──────── Given records ────────
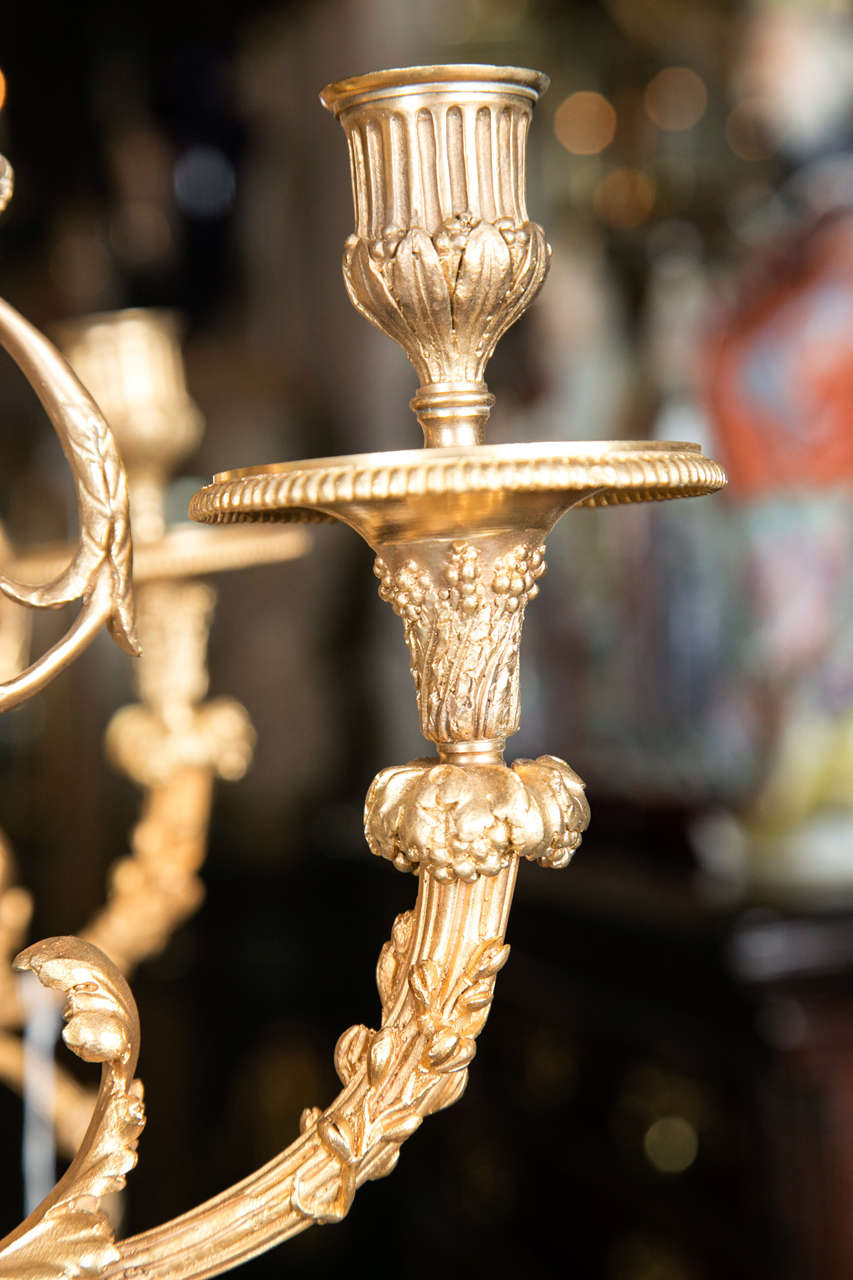 Pair of Three-Light Gilt Bronze and Marble Candelabras For Sale 4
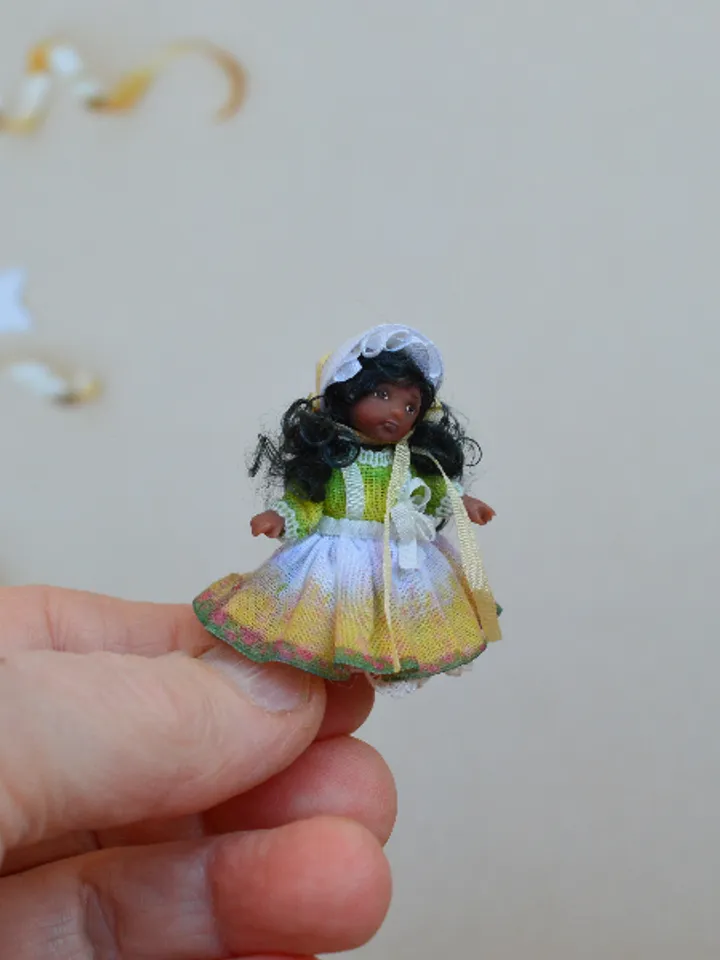Miniature doll in 24th scales. Handmade doll toy. Miniature for dollhouse.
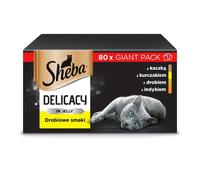 SHEBA sachets 80x85g Delicacy Saveurs de volaille - nourriture humide pour chats en gelée, au canard, au poulet, à la volaille, à la dinde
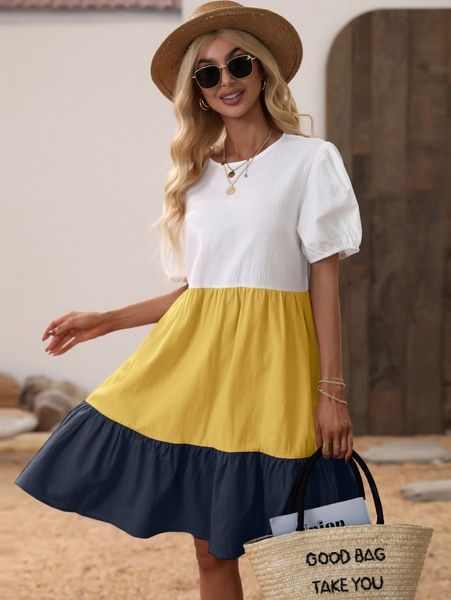 

cut and sew puff sleeve smock dress 25p6#, Black;gray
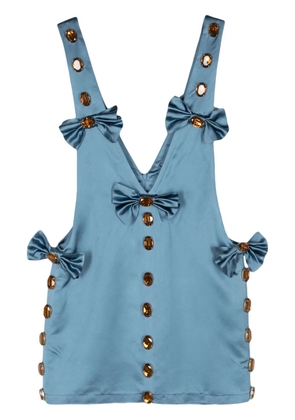 Loulou crystal-embellished satin minidress - Blue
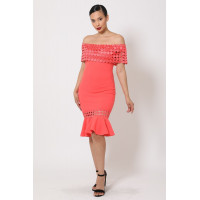 Off Shoulder Crochet Band Fashion Dress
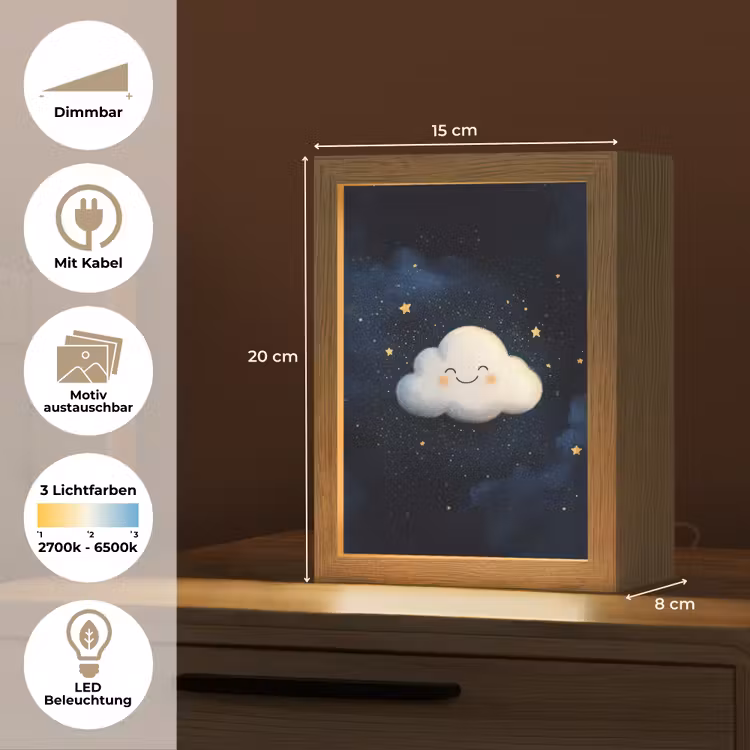 Wolkje - Gezichtje - Sterren - Donkerblauw Light Box met kabel (Kinderlampje) klein -USP_websiteoverzichtDE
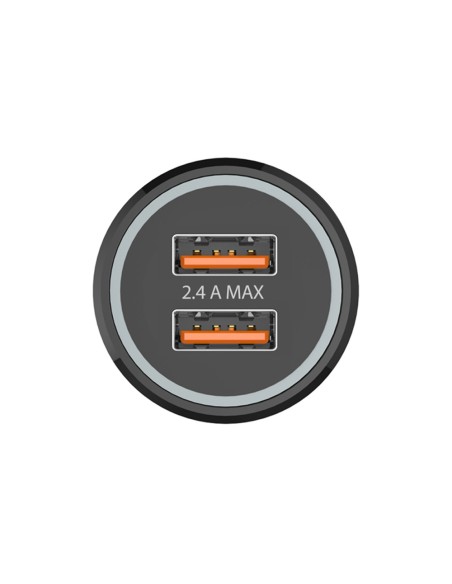 Cargador doble mechero coche negro 2,4a -12w tech one tech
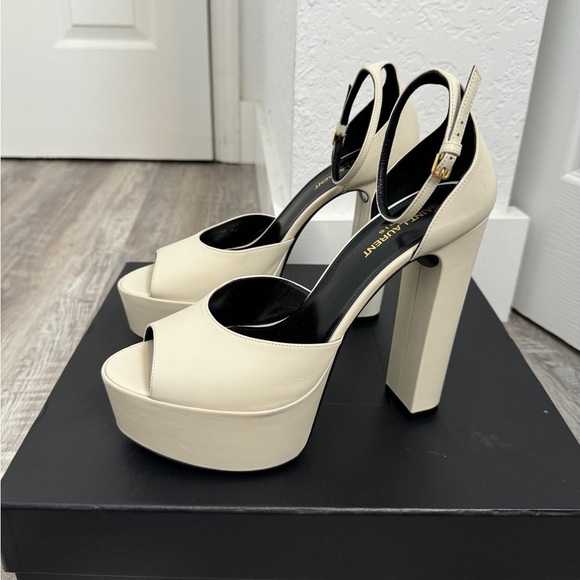 Saint Laurent Jodie Platform Sandals In Smooth Leather - Picture 6 of 15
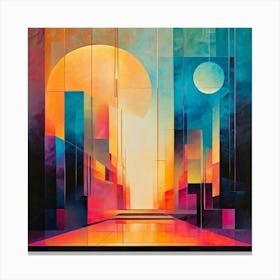 Wall Hanging Composition Fusing Art Deco Elegance With Modern Abstraction Textures And Contours Ref 344342406 Canvas Print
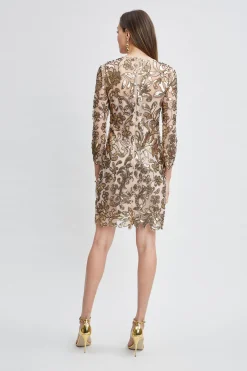 Elie Tahari Floral Sequin Long Sleeve Dress- Dresses & Jumpsuits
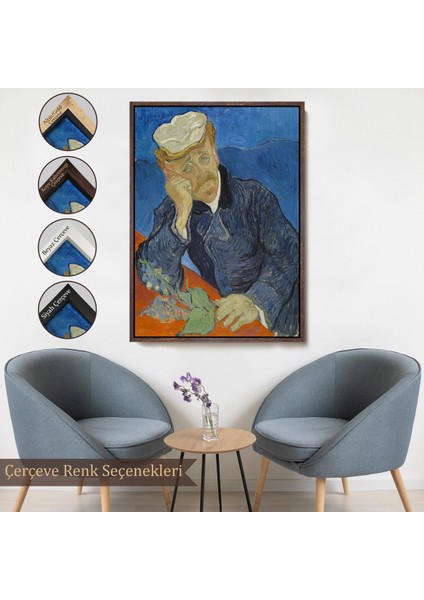 Çerçeveli Vincent Van Gogh - Doktor Paul Gachet TABLO-7467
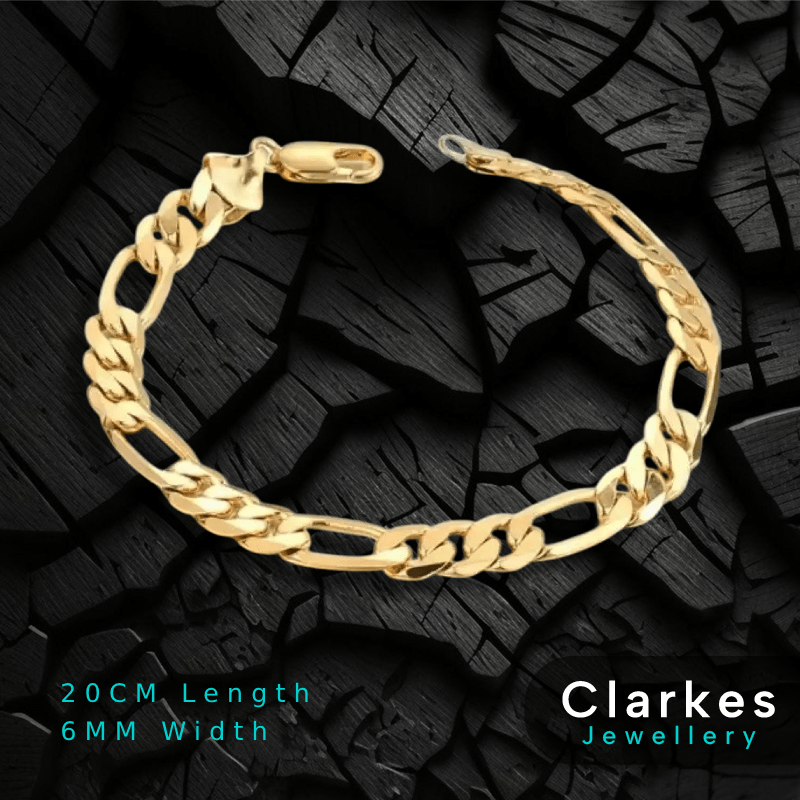 18ct Gold Plated Stainless Steel Italian Figaro Curb Bracelet 8" 6mm - Image 2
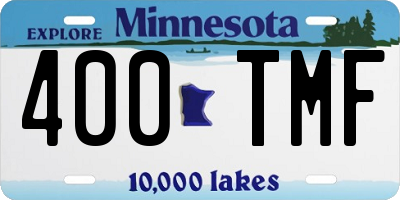 MN license plate 400TMF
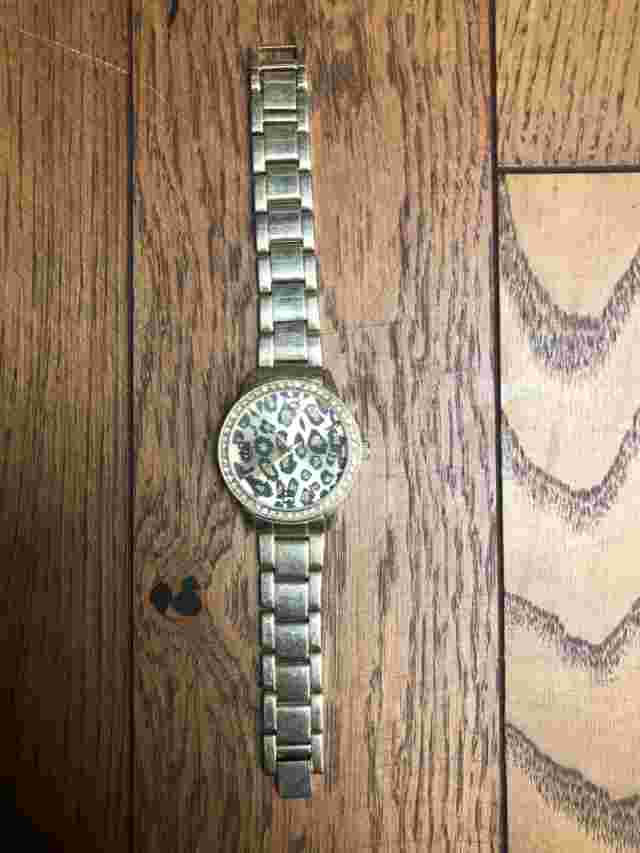 RIVER ISLAND leopard animal gold watch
────────
■ Work order:
Pictures excluded, copy exactly the lines running from the one with "Saint Laurent Jodie" through the last line of the material.

■ Your response:
 Saint Laurent Jodie Platform Sandals In Smooth Leather - Picture 6 of 15
 Wall Hanging Composition Fusing Art Deco Elegance With Modern Abstraction Textures And Contours Ref 344342406 Canvas Print
 Elie Tahari Floral Sequin Long Sleeve Dress- Dresses & Jumpsuits
 Çerçeveli Vincent Van Gogh - Doktor Paul Gachet TABLO-7467
 18ct Gold Plated Stainless Steel Italian Figaro Curb Bracelet 8" 6mm - Image 2
 MN license plate 400TMF
 RIVER ISLAND leopard animal gold watch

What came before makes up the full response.